Further Exploration at the Super King
In a hurry to get food us before the start of Yom Kippur, I hit the Super King, which is, now that the crappy Albertson’s on Figueroa is gone, my closest large grocery store. I have had pretty good luck with the prepared foods there in the past but Sunday, they were kind of lackluster. I ordered chicken lula which had a weird acrid bite that none of us liked and some beef filet kabobs which were sort of on the dry side. The rice they serve is plain white, unseasoned, the pita wasn’t particularly fresh, the hummous was ho-hum but the grilled pepper and tomato accompaniment was nice enough and added a nice flash of color to the Styrofoam assemblage. I’ll give it another chance because previous dinners have been pretty good and the attraction of the meal being prepared while I shop is pretty irresistible.
The shopping itself is pretty wondrous and the conglomeration of folks from all over the planet makes an incredibly rich multicultural experience, even for L.A. The Trader Joe’s in Silverlake has this (pretty snarky, actually) display with products purchased from the Gelson’s across the street, compared with the same products from T.J.s. The bill from Gelson’s was over 40% higher. I like the service and a lot of the quality at Gelson’s but it will be a long time I think before I do another major shop there again. This summer we were vacationing in Santa Barbara and I fell in love with a store called Lazy Acres which makes Bristol Farms look like Food4Less. I remember looking for a jar of honey and finding nothing on the shelf for less than twelve dollars. I found a gorgeous jar of pure Acacia honey at the Super King for $3.69.
The Super King also has a great collection of bulk spices. I purchased annatto, sesame seeds, sumac, garam masala and stick cinnamon all for less than two dollars a pack. I found a nice bottle of Armenian Avshar brandy for $15.99. This was the five year old. There is also a three year old variety for a couple dollars less. I’m not a big spirit head, but this tasted delicious to me, and I macerated some raisins in it for my break-the-fast kugel and it imparted a really lovely flavor.
There is an excellent selection of California and imported olive oils. I bought a handsome bottle of Saifan extra virgin for $5.49 and shudder to think what Gelson’s would charge for the same item.
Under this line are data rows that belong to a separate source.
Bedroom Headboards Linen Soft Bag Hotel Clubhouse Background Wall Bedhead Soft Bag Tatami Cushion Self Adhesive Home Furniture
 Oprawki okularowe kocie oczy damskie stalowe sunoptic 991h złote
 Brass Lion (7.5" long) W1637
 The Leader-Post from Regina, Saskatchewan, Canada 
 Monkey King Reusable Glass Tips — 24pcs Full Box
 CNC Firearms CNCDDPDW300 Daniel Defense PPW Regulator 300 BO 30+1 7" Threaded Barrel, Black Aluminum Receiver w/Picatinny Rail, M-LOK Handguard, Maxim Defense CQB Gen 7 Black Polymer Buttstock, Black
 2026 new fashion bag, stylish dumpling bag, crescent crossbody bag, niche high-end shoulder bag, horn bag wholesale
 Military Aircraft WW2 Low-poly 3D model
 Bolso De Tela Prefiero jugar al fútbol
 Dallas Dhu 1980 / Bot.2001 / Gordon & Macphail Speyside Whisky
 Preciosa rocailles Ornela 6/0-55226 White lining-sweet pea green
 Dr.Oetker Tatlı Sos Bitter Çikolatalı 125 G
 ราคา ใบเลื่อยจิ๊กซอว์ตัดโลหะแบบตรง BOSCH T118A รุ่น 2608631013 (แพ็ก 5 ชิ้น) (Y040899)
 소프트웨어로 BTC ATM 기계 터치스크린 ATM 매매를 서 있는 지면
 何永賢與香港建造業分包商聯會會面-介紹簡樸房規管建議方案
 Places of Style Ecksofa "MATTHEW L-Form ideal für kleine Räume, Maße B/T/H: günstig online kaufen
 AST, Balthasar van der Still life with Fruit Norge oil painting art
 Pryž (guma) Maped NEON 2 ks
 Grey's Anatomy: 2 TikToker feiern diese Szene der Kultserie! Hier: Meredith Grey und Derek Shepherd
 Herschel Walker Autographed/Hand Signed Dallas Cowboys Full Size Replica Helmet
I haven’t made a dent in the cheese department yet but I got an amazing French feta for $4.79 and a pot cheese/raisin spread called “Farmer’s Sweet Kiss” which I put on toast for a big treat. There is also a daunting selection of yogurts which I intend to mine a bit more as well.
I need to spend more time there. I bought a jar of preserved young walnuts that I have not the foggiest idea what to do with and I want to explore the other preserved fruits and jams they offer, not to mention dried fruits, frozen appetizers like blintzes and boureks and all manner of things that can (economically) add sweetness and savor to our new year.
I’ve started a little myspace page which contains a blog with some additional food writing. Plus other stuff.
Slow Foodie -- I agree! We have spent many hours wandering the aisles of the montrous and packed-full market. What fun! You described the patrons perfectly as a wonderful mix of many cultures, and the items on the shelves are the same. I love chatting with some of the customers who seem to know what they are purchasing. I ask them what they are going to do with 20 lbs. of that fruit that I don't recognize, and I learn a lot! For the most part, I find that being in a market is like being at the watering hole: it equalizes everyone. We are all shopping and searching for good food, and most people are quite willing to share their ideas on how to make that happen!